Dans l’ensemble, les chercheurs n’ont pas montré dans cette étude que le sperme contient des composés ayant des qualités antidépressives. Ils considèrent que l’œstrogène et les prostaglandines présentes dans le sperme peuvent avoir cet effet, mais ce n’est que spéculation. Que l’utilisation du préservatif autodéclaré soit un indicateur précis du sperme dans l’appareil reproducteur ou dans la circulation sanguine est également sujette à caution, car certains couples peuvent avoir pratiqué le «sevrage». Comme le soulignent les auteurs, pour déterminer si le sperme a un effet sur l’humeur, il faudrait une étude qui mesure directement le sperme dans l’appareil reproducteur ou, idéalement, dans le sang, et corrèle cela avec l’humeur des femmes. Que ce soit un exercice utile est discutable, c’est le moins qu’on puisse dire.

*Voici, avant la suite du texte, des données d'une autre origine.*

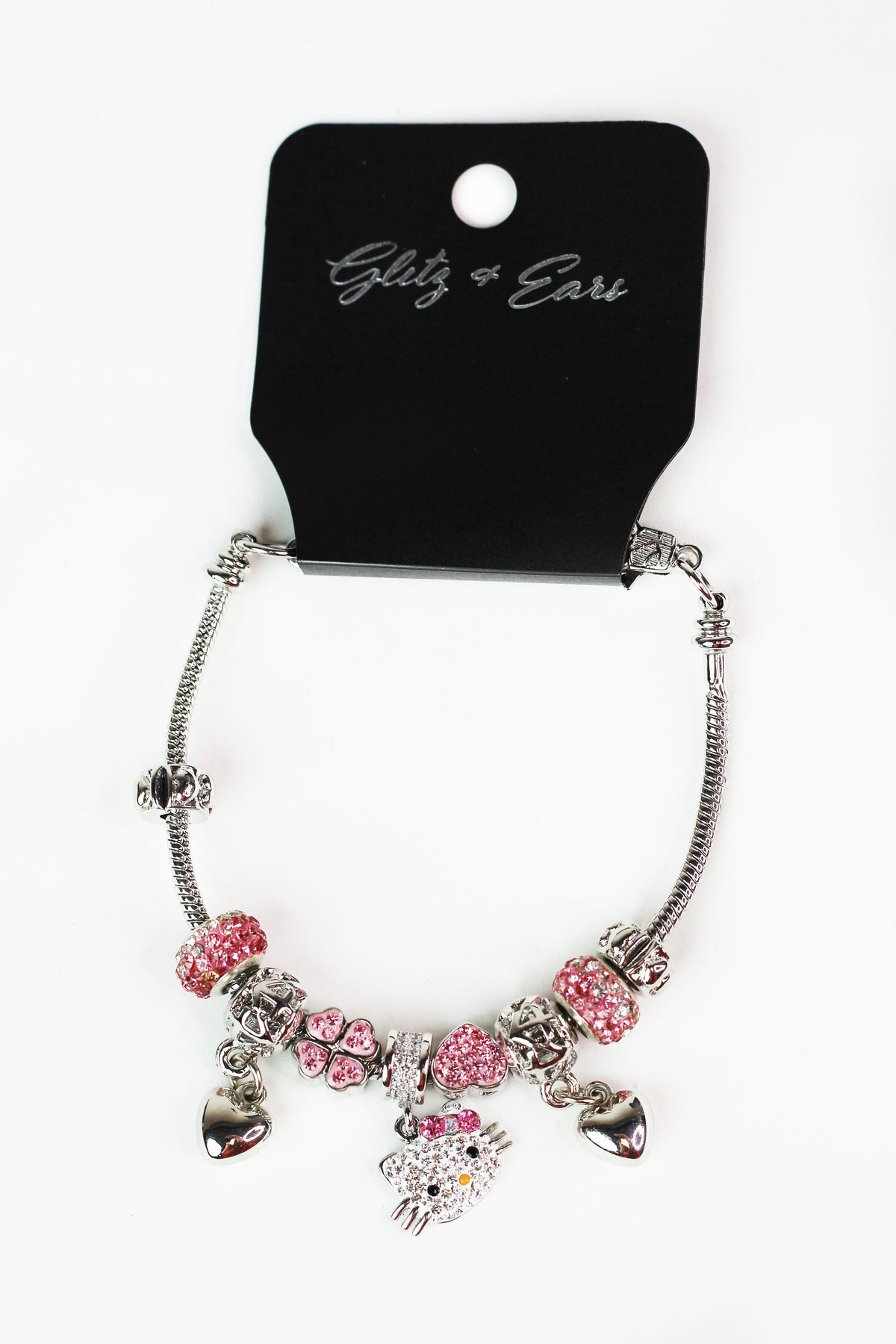 Rhinestone Hello Kitty Charm Bracelet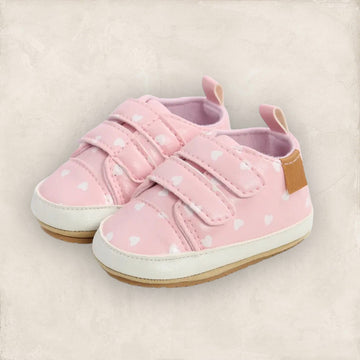 Heart Sneakers Shoes - Pink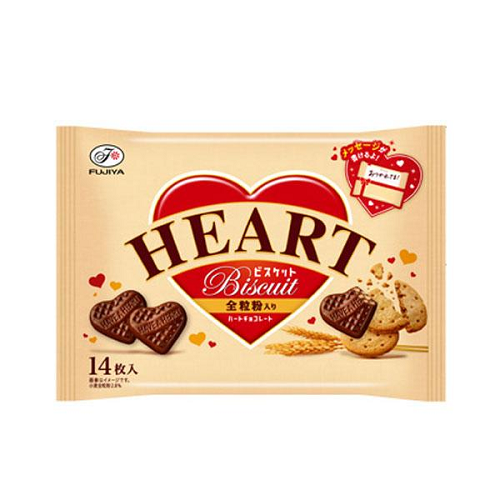 ハートチョコレート（全粒粉ビスケット）袋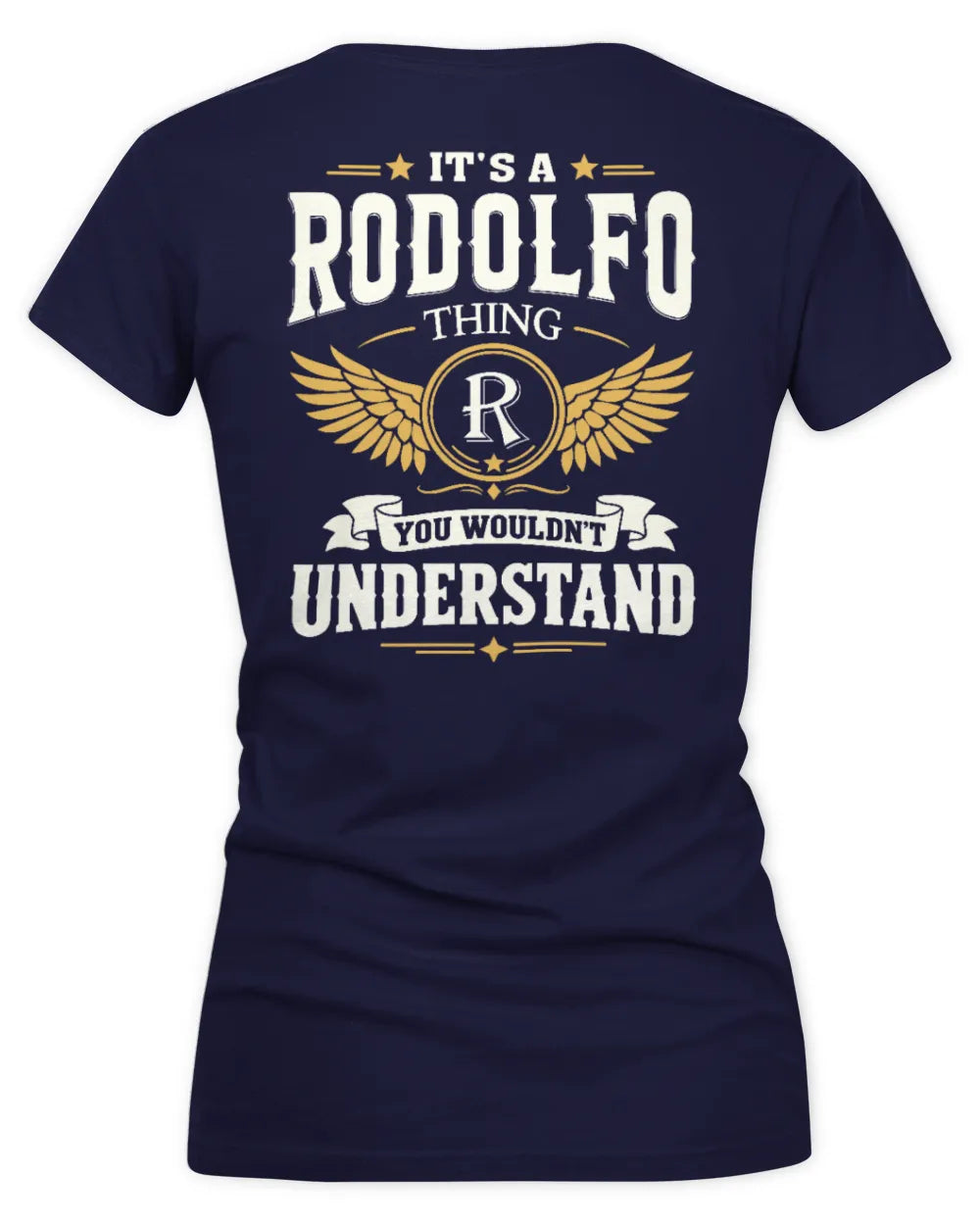 RODOLFO KT06-M008 It’s a [NAME] Thing – You Wouldn’t Understand | Personalized Vintage T-Shirt - Women's V-Neck T-Shirt - Navy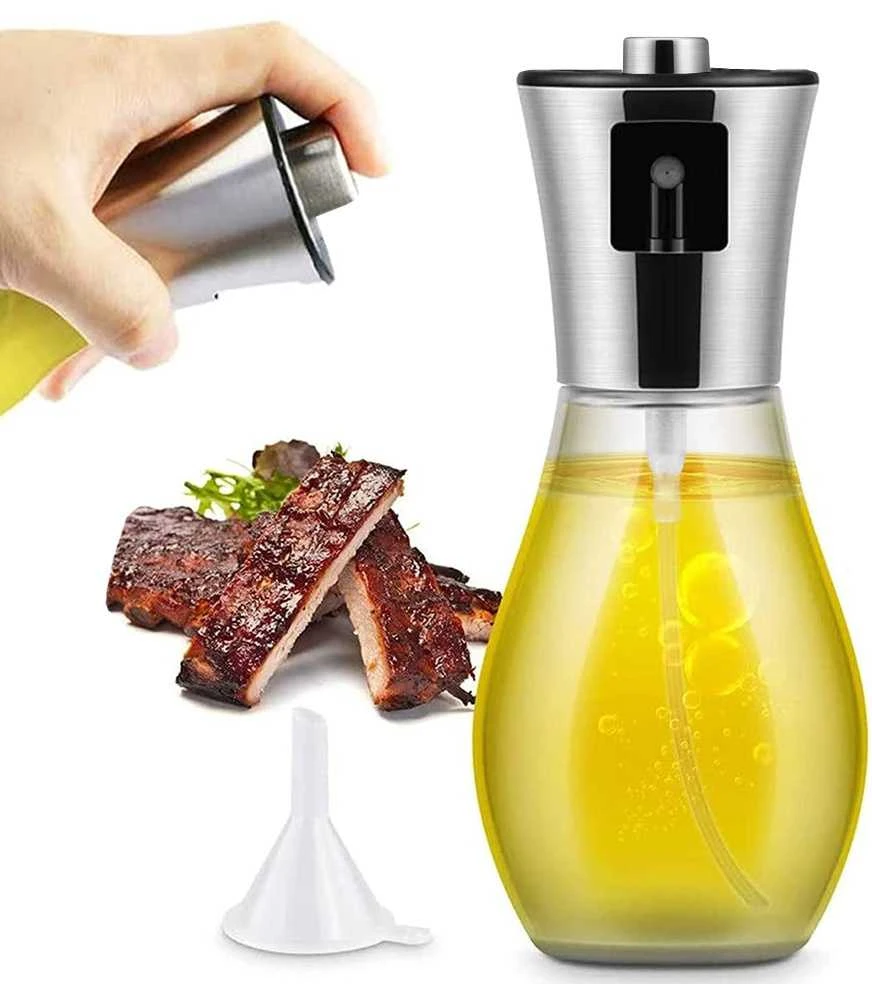 Purškiklis aliejui, 200 ml, sidabrinis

Plus important encore, les préservatifs protègent contre les grossesses non désirées et constituent le meilleur moyen de se protéger contre les infections sexuellement transmissibles. Même si d’autres études devaient démontrer que le sperme avait une influence directe sur les symptômes de la dépression, ce bénéfice mineur serait presque certainement compensé par le risque accru de grossesses non désirées et d’infections sexuellement transmissibles.